北の庄城址で、一礼。
そのまま、福井メトロ劇場まで。
この映画館・・とても、好いのです。
三日前、映画「わたしは、ダニエル・ブレイク」を鑑賞。
観終えての率直な感想・・英国の貧困問題を取り扱った社会派ドキュメンタリータッチのような映画で、まさしくケン・ローチ監督の流儀だと思いました。
ところが、最後のシーンでは、「えっ?これで終わり?」という中途半端な失速感。
ぼくは、主人公と同年代、同じく心臓病を患いながらも障碍者認定の支給を受けていません。

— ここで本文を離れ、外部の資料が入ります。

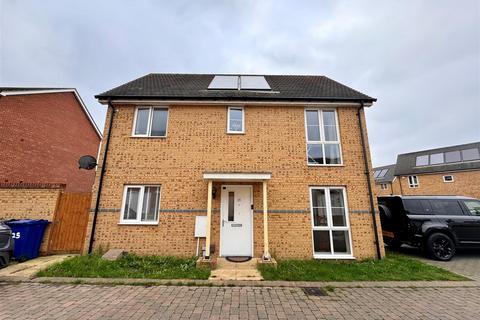 3 bedroom detached house to rent, Grangewick Road, Grays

でも、ぼくは、ダニエル・ブレイクのような考え方、生き方は到底出来ません。
この映画「わたしは、ダニエル・ブレイク」、ほんとうに最高傑作なのかな?
・・ほんとうに、カンヌ国際映画祭パルムドーム(最高賞)受賞作なのかな?
あれだけ楽しみにしていた映画なのに・・訝しながら、映画館を去りました。
一日過ぎて、二日過ぎて、昨日「とろろ蕎麦」を食べていると、ふと、「わたしは、ダニエル・ブレイク」の話題になりました。
映画「わたしは、ダニエル・ブレイク」は、人間の尊厳を、社会格差、貧困世界と相対峙したものとして描いていました。

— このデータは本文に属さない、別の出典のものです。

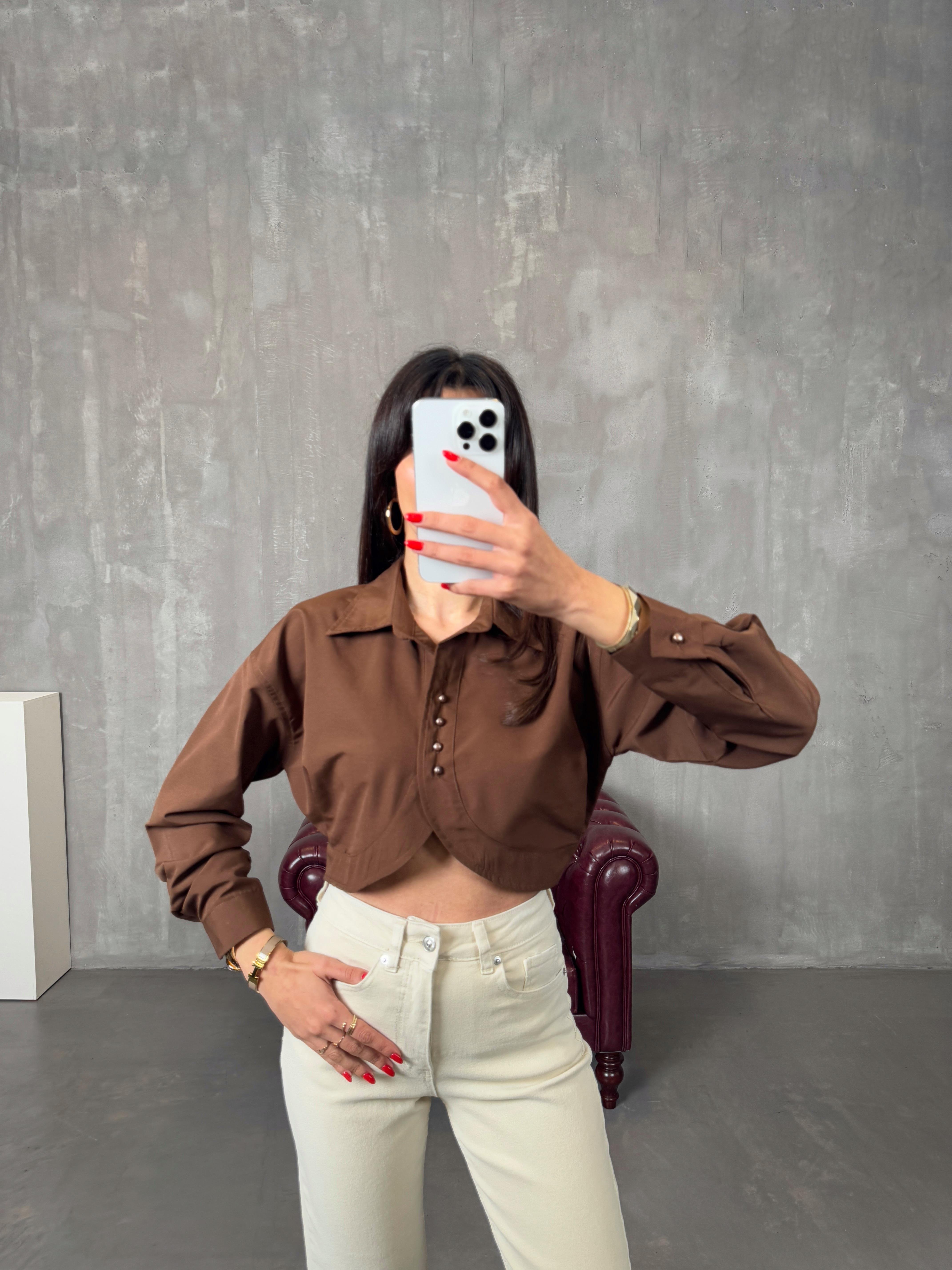 بويد قميص قصير تصميم بني بأزرار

しかし、貧困に喘ぐとは、人間の尊厳を失うということなのでは?
貧困から抜け出すのには、金を稼ぐ、働かなければなりません。
ただ、心臓を患って、仕事を止められているダニエル・ブレイクには、公共福祉からの支援援助が必要です。
しかし、英国の社会保障制度の複雑なシステムによって、実直で生真面目なダニエル・ブレイクは、支援援助を受けられず、だんだんと現実の厳しさに追い詰められていきます。

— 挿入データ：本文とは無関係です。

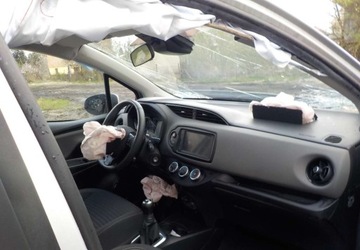 Toyota Yaris III Hatchback 5d Facelifting 2017 1.0 VVT-i 72KM 2019 Toyota Yaris Okazja Benzyna 72KM, zdjęcie 18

それでも、知り合った貧困な母子家庭を助けようとします。
・・貧困だから万引きする、貧困だから売春を行う。
独り者のダニエル・グレイクは、「どうあろうとも、それでも、人間の尊厳を失ってはならない」と諭します。
昔、昔観たイタリア映画「自転車泥棒」という名作があります。
自転車を盗み捕まり殴られた父親、それを見ていた幼い子。
その貧しく哀れな父子の姿に、涙した憶えがあります。
貧困問題は、自己責任ではなく、社会問題なのでは?
即ち、社会、国家、政治の責任なのでは?
国の支援は、誰のためにあるのか?
一部世界のグローバルではなく、世界中のローカルの問題なのでは?
ところで、介護の世界には、認知症ケア「ユマニチュード」という手法が最近導入されています。
ユマニチュードとは?
フランス生まれの新しい認知症ケアの手法。
うつ状態や暴力的になったりする人も、穏やかになる。
「魔法のような手法」と紹介されることも多いが、中身は魔法ではない。
具体的な技術で、誰にでも習得できる介護の方法。
基本は「見る」「話しかける」「触れる」「立つ」の4つの手法を組み合わせる。
認知症の人は「病人」ではなく、徘徊する「犬」でも「猫」でもない。
あくまで「人間」として接すること。
僕なりの実感ですが、決して上から目線ではなく、一歩も二歩も引いての立場で接しなければなりません。
この「ユマニチュード手法」は、福祉・介護の世界よりも、世界中の政治家に必要なのかもしれません。
低予算で制作された「わたしは、ダニエル・ブレイク」・・時間が経つほどに思い出してしまう魔法のような手法映画です。
だからこそ、カンヌ国際映画祭パルムドームを受賞したのかもしれません。